The EU’s official statistics agency said the joblessness rate in the single-currency area fell to 8.5% in February, down from 8.6% in January.
Eurostat said inflation in the eurozone jumped to 1.4% in March, a leap from February’s 1.1%. That edges inflation closer to the European Central Bank’s (ECB) target, although it is still a way off the desired 2.0%. The data are in line with recent statistics that suggest the European economy is growing at a solid pace after years of weak recovery following the debt crisis.
The steady decline in joblessness comes on the back of three years of massive support from the ECB to help the 19-country single-currency zone survive the eurozone debt crisis.
The ECB has bought more than €2-trillion worth of bonds during that time, helping trigger growth but struggling to push inflation towards its 2.0% goal.
In a sign of growing confidence in the zone’s recovery, the ECB dropped a long-standing pledge in March that it was ready to ratchet up bond-buying if needed, taking a small step towards the stimulus exit door.
But inflation remains well below the central bank’s 2.0% target, which may give ECB head Mario Draghi second thoughts about turning the stimulus off completely in 2018.
"The ECB will tread very cautiously in raising interest rates," said economist Jessica Hinds of Capital Economics. "We have pencilled in the first hike for September 2019, later than investors seem to expect."
There were also regional differences in unemployment, which remained high in Greece at 20.8% in December, the last month for which figures were available, Spain at 16.1% and Italy at 10.9%. German unemployment remained super-low at 3.5% in February, with the Netherlands dropping to 4.1%. The youth joblessness rate was also trending downwards. In February, youth unemployment was 17.7% in the euro area, down from 19.4% in February 2017.

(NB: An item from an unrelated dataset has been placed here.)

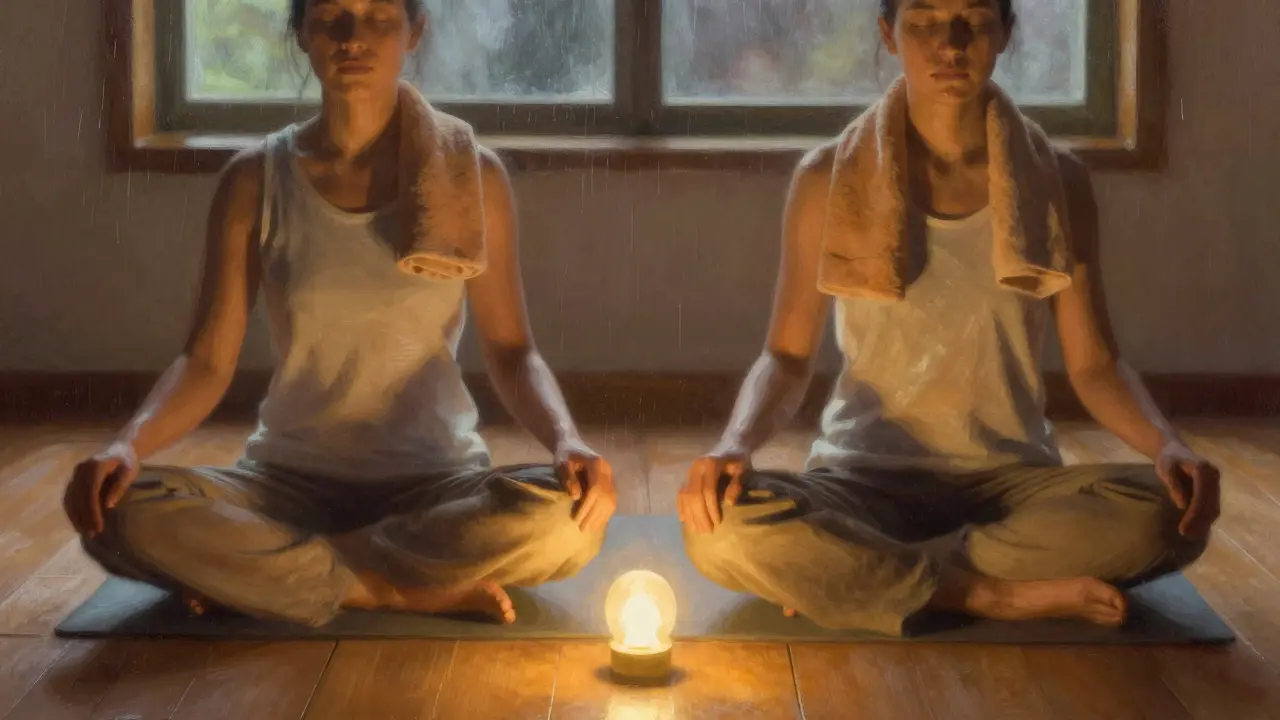 Dva partneři meditují spolu na podlaze, zavřené oči, klidná atmosféra s teplým světlem.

But rates for people under 25 years old remained high in Spain at 35.5% in February, down from 40.8% a year earlier, and in Italy at 32.8%, down from 35.2% in February 2017. Greece’s rate was 45% in December 2017, the last month for which youth figures were available, down from 46.7% in February 2017.
"The level of youth unemployment in a number of countries is unacceptably high," European Commission deputy spokesman Alexander Winterstein told reporters.
"It will not induce young people to be enthusiastic about Europe," he said when asked if it could hurt during national elections and in European Parliament elections in 2019.
During the worst of the debt crisis in 2013, eurozone unemployment reached a record 12.1%. Since then, the economic situation has slowly improved, but unemployment remains much higher than the average rate before the crisis, when it was 7.5%.
Economic growth in the 19-country eurozone hit 2.3% in 2017, the highest level in a decade.